It's ultimately your responsibility to take control of your own life and your own presentation and to correct people when they misread you. But, forgive me, you appear to be sending mixed signals. It's probably unavoidable because you aren't full time yet, but are you absolutely sure that your friend fully understood your situation?
First you say that you go by your birth name at school. All well and good. But this friend seems to know you outside of school as well. If that's the case, she's living with one foot in one world and one foot in the other world, so to speak, just as you are. That can be confusing, as I'm sure you're aware.
Then you say you don't mind going by both names for now...does that mean that you go by one name in certain venues and the other name in other venues, or does it mean that there is some crossover? If there is any crossover at all, can you blame your friend for getting caught up in it?
Then you say that at long as your friends respect your persona, you don't care what they call you...but do you have a problem when the friend calls you "Kyle" and "he" at school, where other people apparently do not?
Then you say that you aren't out at school unless people ask, and then you tell them...this friend obviously knows that you are out, and she treats you as Kyle. Did you ever sit down with her and explain how she is to address you at school, where you are not generally out except sometimes to some people?
I'm not trying to flame you here, not at all, but you are in that awkward not-fully-out stage--which is a challenge for anyone to negotiate.

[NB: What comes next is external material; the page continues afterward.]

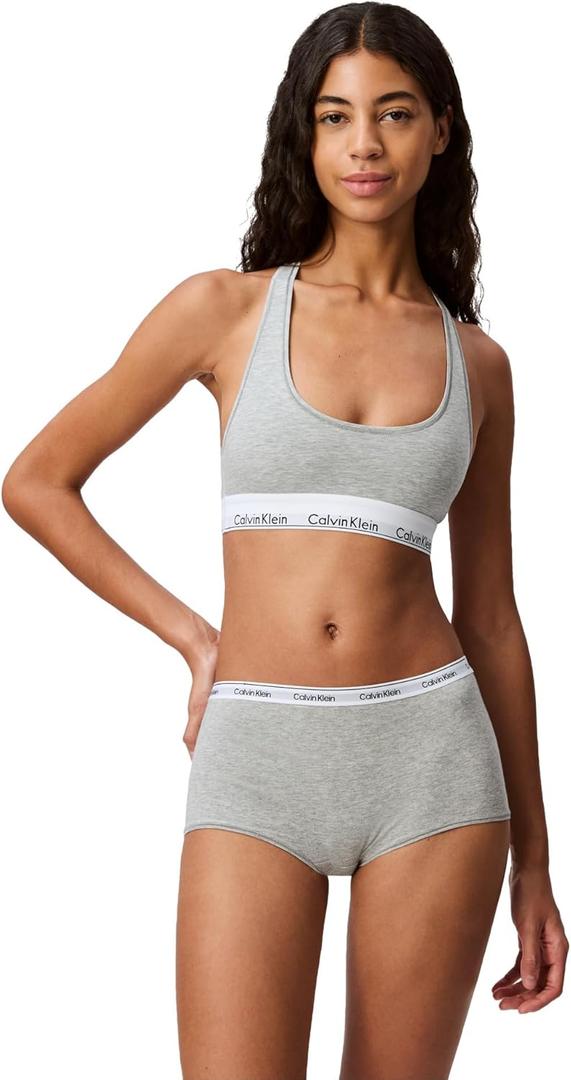 Calvin Klein Women's Modern Cotton Unlined Wireless Bralette (Medium, Grey Heather)
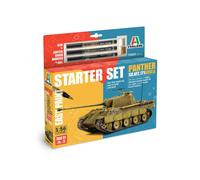 Italeri 75003 Linea Starter Set - Easy Paint: Panther Sd.Kfz.171 Ausf.A, scala 1:56, Plastic Model Kit/Modello in plastica da montare, comprende colla e 3 pennarelli acrilici per la pittura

And I guess your main concern was whether your friend should have been so adamant. I really do think that this kind of confusion was created by two worlds in collision. And I think that your friend was overzealous; but on the other hand, she seems to be in the middle of those two colliding worlds; did you ever speak to her about how to address you at school?
I'm glad you talked to her and received an apology. But what if she hadn't gotten overly enthusiastic and had just called you "Kyle" and "he" a couple of times? Would that have been a problem when the other people were calling you "birth name" and "she"?